Sein Kontrahent Müller sprach davon, dass die Partei ihr Gesicht verändert habe und weiter verändern müsse. Die Linke sollte sich stärker mit außenparlamentarischen Bewegungen verbünden. Seine Anhänger im Saal klatschten öfter und lauter als die von Görke. Es nutzte nichts. Nach seiner Niederlage verzichtete Müller darauf, sich um einen anderen Listenplatz zu bemühen. Er wolle die Polarisierung nicht auf die Spitze treiben, begründete er das. Müller hatte gesehen, wer ihm bei seiner Bewerbungsrede nicht einmal den minimalen Applaus spendete, der aus Höflichkeit üblich ist. Er selbst hatte geklatscht, als Görke Nein zu den Nato-Manövern an den russischen Grenzen sagte. Nach Verkündung des Wahlergebnisses ging Müller zu Görke, um ihm fair zu gratulieren.

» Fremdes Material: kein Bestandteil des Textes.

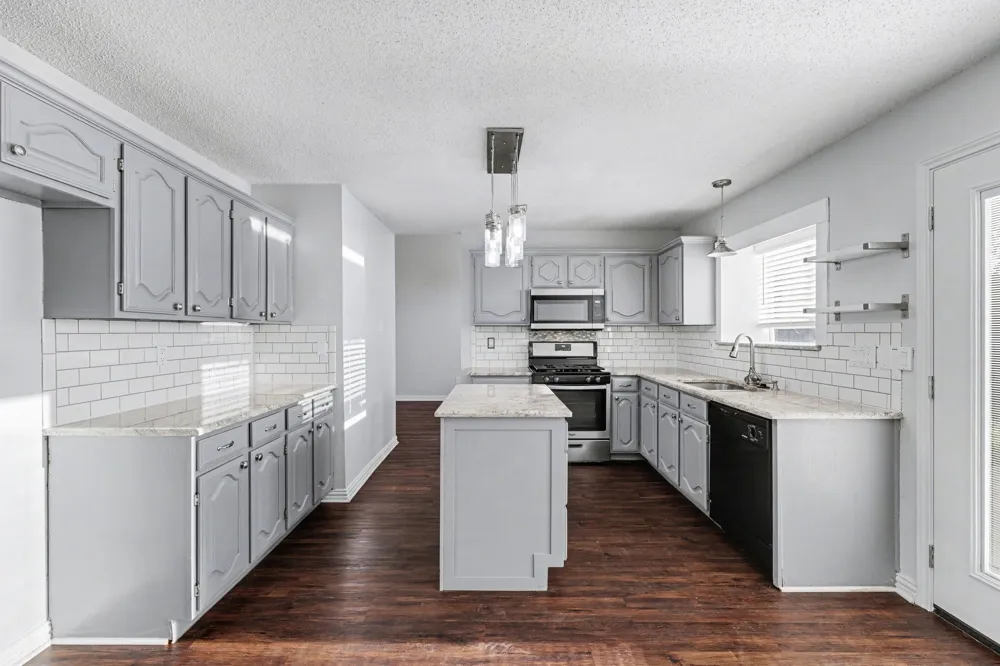 2080 Briarcliff Road Lewisville, TX 75067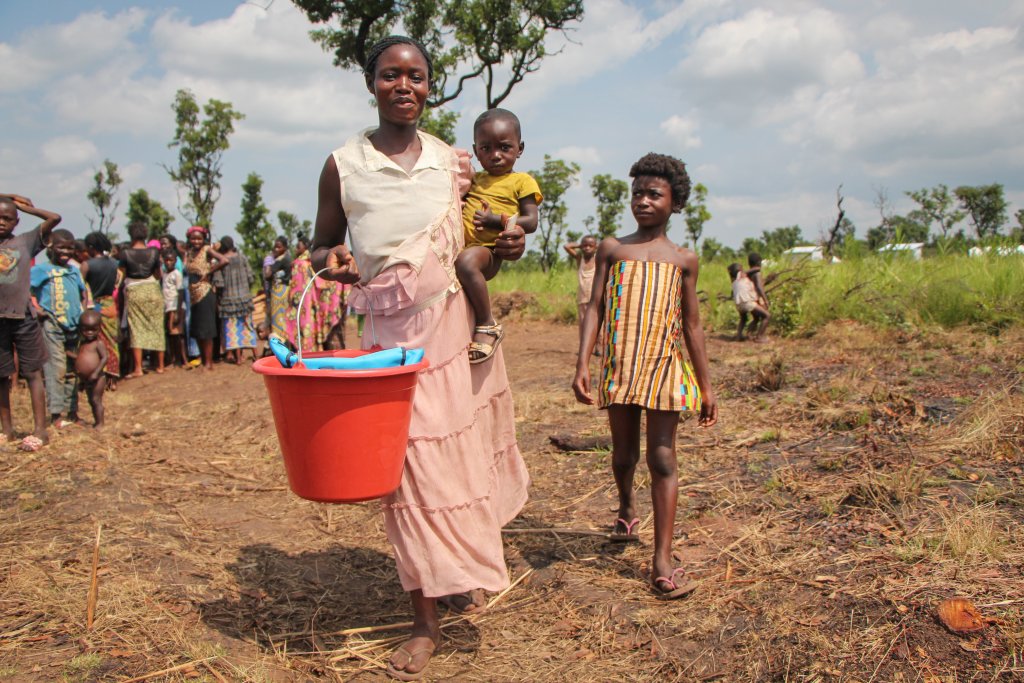 Ester and her children fled violence in the Democratic Republic of the Congo. They have just arrived to safety in northeast Angola. Your support makes a better future possible.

Da ein Handschlag gegen die Hygieneregeln verstößt, berührten sich die Männer mit ausgestreckter Faust. Es sah so aus, als sei die Verstimmung zwischen ihnen damit ausgeräumt. Görke bestätigte das und rechnete Müller hoch an, dass dieser nun dazu aufrief, einig in den Wahlkampf zu ziehen.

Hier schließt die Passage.